The reason for this is that the amount of data that can be analysed at one time is constrained by the technical limitations of the database in which it is contained. So for larger datasets, statistical analysis must rely on proportionally smaller samples of data.
Until recently, this limitation was not too much of a handicap, because sampling is an appropriate statistical tool for the kinds of analysis generally required or considered possible, such as customer segmentation. Put simply, this is because those analyses seek broad trends, and if a trend is significant it should appear in a reasonably sized sample.
However, an increasing number of applications require systems that can identify not only trends but specific patterns among a few data points out of a superset of billions. Fraud detection is one: in order to catch fraud as it happens, banks and credit card companies must be able to spot the telltale signs among the many millions of transactions that are under way at any given time. It is not enough to take a sample of the data and hope that evidence of fraudulent activity happens to fall into that sample.
Similarly, for Internet companies to target advertising to users based on their browsing activity, it is not good enough to analyse a sample of the web traffic data. It was this challenge that led search giant Google to develop MapReduce, a software framework that allows massive analysis jobs to be split up into component tasks and distributed across a number of computers (the ‘map’ function), then recombines the results of those component tasks to complete the analysis (the ‘reduce’ function). This is known as massively parallel processing (MPP).
Aster Data is a Silicon Valley-based company that has so far made its name by combining the analytical power of MPP with the SQL databases in which a large proportion of business data is contained. It does this by ‘pushing’ the MapReduce functionality out to the data using SQL queries. Companies including social networking giant MySpace use Aster Data’s nCluster system to analyse their multi-terabyte data warehouses.

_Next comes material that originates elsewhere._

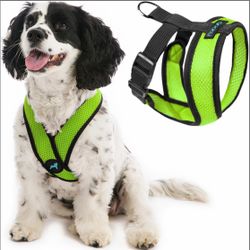 Dog Harness Large chest 17-22.5”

Now, though, the company claims that it is taking MPP technology a step further. Aster Data describes the latest version of nCluster (version 4.0), as the world’s first ‘parallel data-application server’. What this means, Aster claims, is that it can push application functionality of any kind, whether it is based on Java, C, C++, .NET, Perl or Python code, down into the database and execute it in a massively parallel fashion.

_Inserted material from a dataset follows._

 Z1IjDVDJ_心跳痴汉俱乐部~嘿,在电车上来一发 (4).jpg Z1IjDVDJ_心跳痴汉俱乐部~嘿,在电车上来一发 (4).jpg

According to the company, this allows analytics-intensive applications to run at a scale and speed that has not previously been possible, in their existing form and at considerably less cost than comparable data warehouse systems.

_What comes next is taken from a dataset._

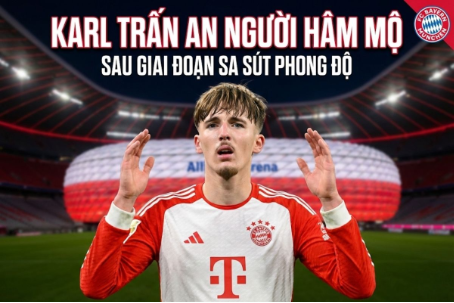 karl-tran-an-nguoi-ham-mo-sau-giai-doan-sa-sut-phong-do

Companies already using ‘version 4.0’ include Telefónica, a Spanish telecommunications provider that uses the system to analyse the call patterns of its customers. Here is an example of an analytical application for which sampling will not do: to truly analyse the call behaviour of a specific individual, every single call made in the network must be considered.
Other early adopters are FullTilt Poker, an online gambling site that uses ‘version 4.0’ to seek out fraudulent activity in real time, and comScore, the Internet market research company, which analyses 160 billion rows of data a month.
According to Aster Data CEO Mayank Bawa, ‘version 4.0’ allowed comScore to perform its analytics workload three times faster than any competitive offering at half the hardware cost. Plus, he says, by switching to nCluster the company cut response times for its analytics applications from five minutes to between five and ten seconds.
It is not long since appliance makers such as Netezza and DATAllegro caused a modicum of disruption in the data warehouse industry. If Aster Data’s claims are true, however, the disruption has barely begun.